- _Your instructions_
Copy exactly the stretch of data below from the line with "Generic Scratch Brush" through the line with "Luxuriöse pu-lederhülle für", including both of those lines.

- _Task data_

* * *

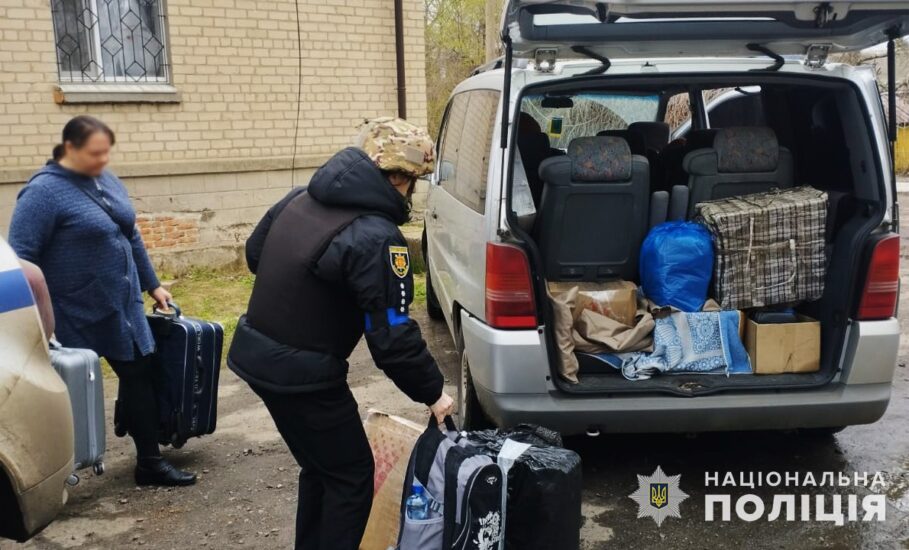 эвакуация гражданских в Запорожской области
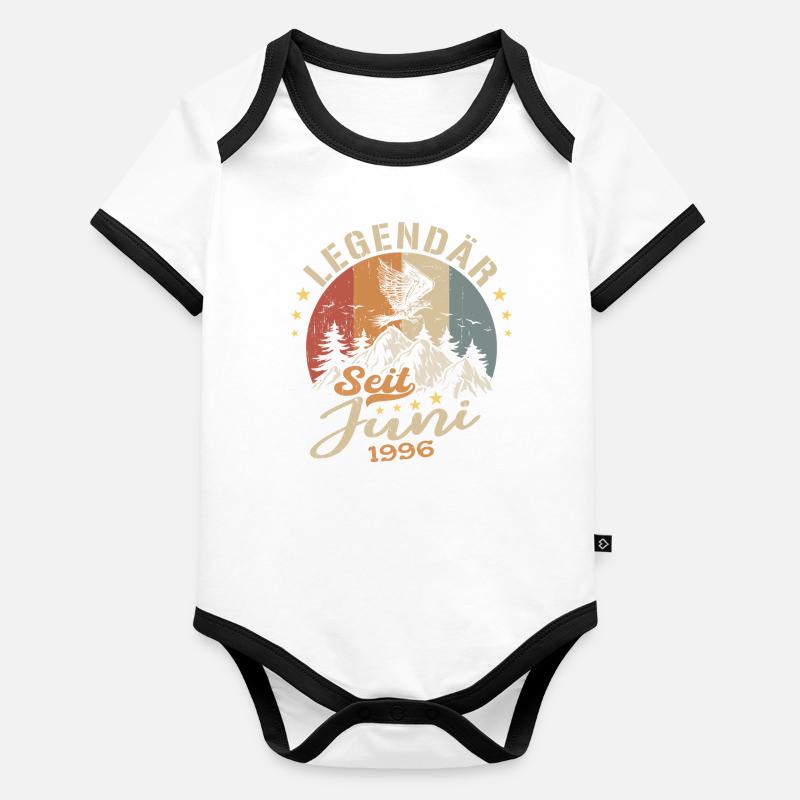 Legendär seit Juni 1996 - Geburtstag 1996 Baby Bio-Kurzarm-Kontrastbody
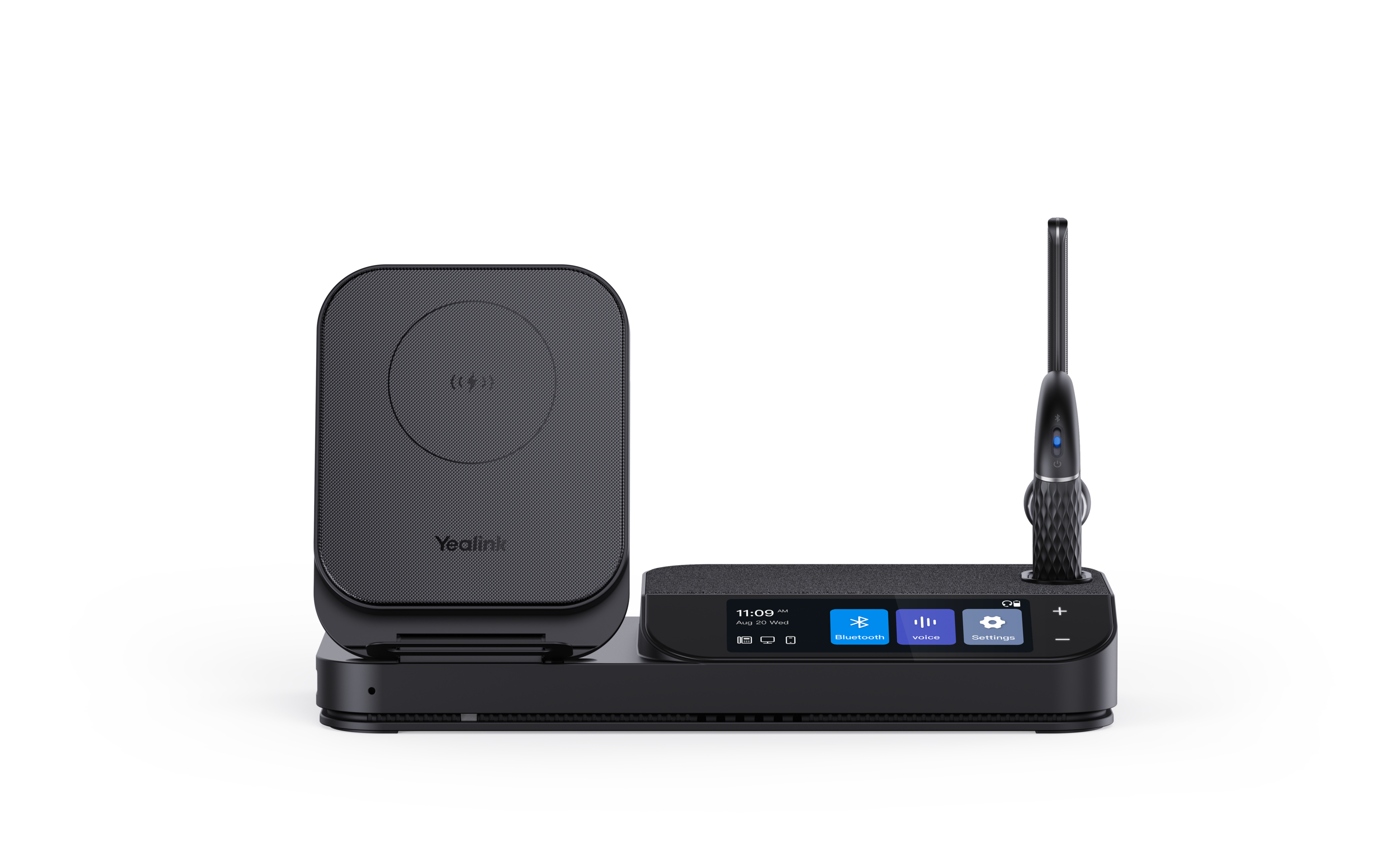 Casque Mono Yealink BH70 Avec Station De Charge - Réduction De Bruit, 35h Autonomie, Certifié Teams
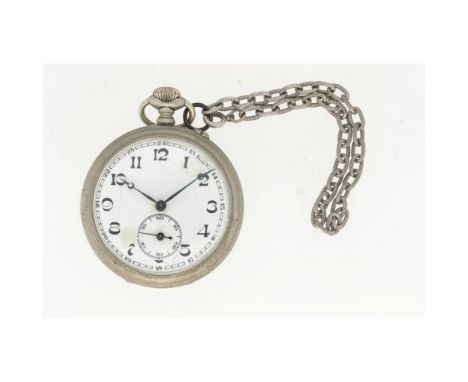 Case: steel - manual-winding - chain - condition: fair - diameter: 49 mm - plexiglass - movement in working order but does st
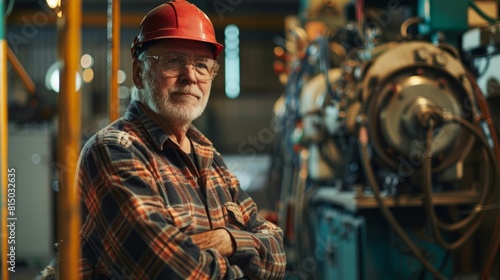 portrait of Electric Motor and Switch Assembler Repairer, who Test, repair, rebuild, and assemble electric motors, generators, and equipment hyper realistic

* * *

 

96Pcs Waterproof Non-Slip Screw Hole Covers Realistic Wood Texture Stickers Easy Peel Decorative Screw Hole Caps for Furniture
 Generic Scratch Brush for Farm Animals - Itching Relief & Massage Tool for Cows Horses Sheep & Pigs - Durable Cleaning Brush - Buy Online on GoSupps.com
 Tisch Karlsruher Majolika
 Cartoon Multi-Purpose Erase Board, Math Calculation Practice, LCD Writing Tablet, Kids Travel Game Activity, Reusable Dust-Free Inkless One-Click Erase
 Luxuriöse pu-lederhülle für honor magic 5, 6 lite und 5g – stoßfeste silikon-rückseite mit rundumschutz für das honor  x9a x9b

* * *

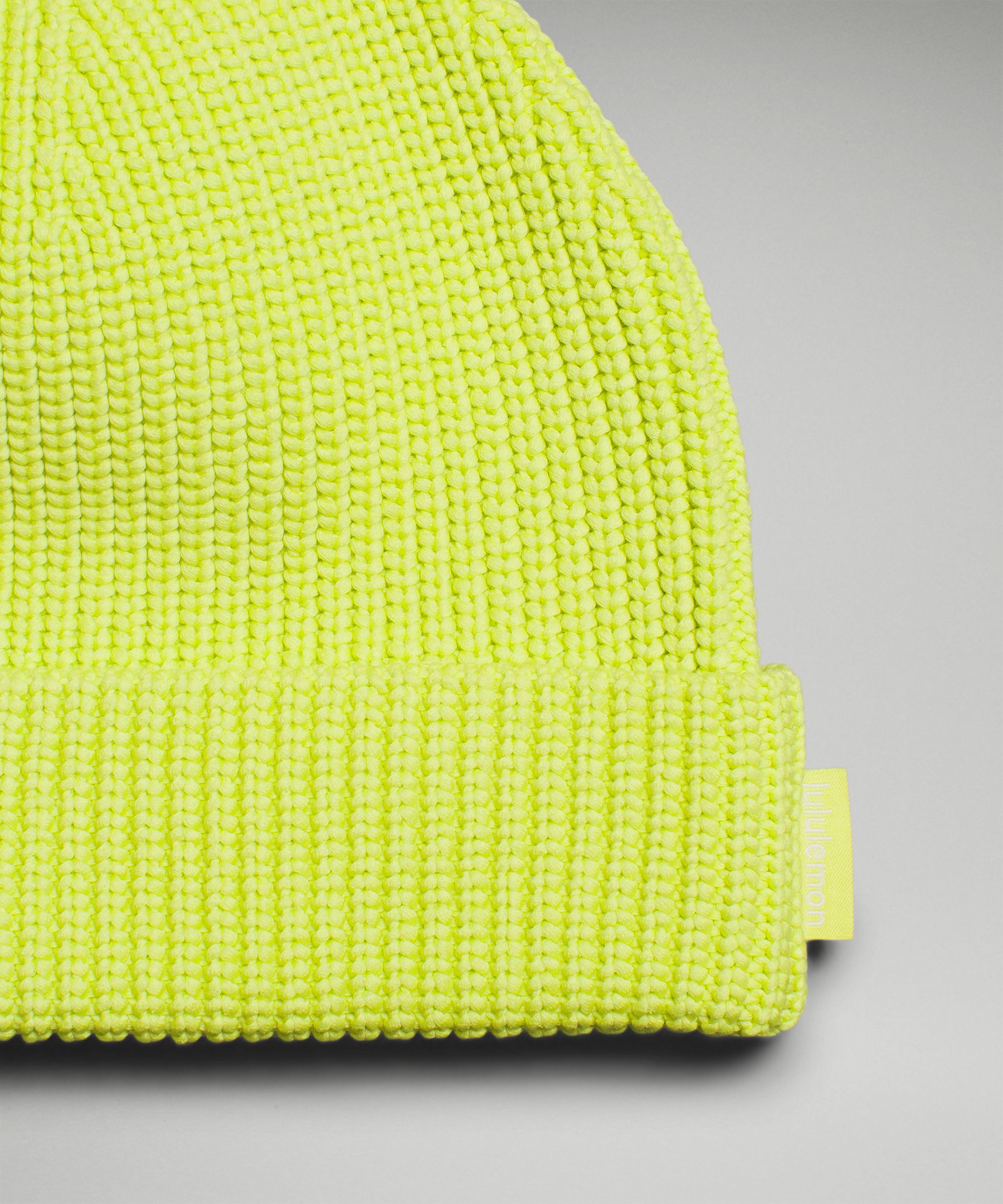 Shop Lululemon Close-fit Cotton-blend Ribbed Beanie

* * *

- _Exercise solution_
 Generic Scratch Brush for Farm Animals - Itching Relief & Massage Tool for Cows Horses Sheep & Pigs - Durable Cleaning Brush - Buy Online on GoSupps.com
 Tisch Karlsruher Majolika
 Cartoon Multi-Purpose Erase Board, Math Calculation Practice, LCD Writing Tablet, Kids Travel Game Activity, Reusable Dust-Free Inkless One-Click Erase
 Luxuriöse pu-lederhülle für honor magic 5, 6 lite und 5g – stoßfeste silikon-rückseite mit rundumschutz für das honor  x9a x9b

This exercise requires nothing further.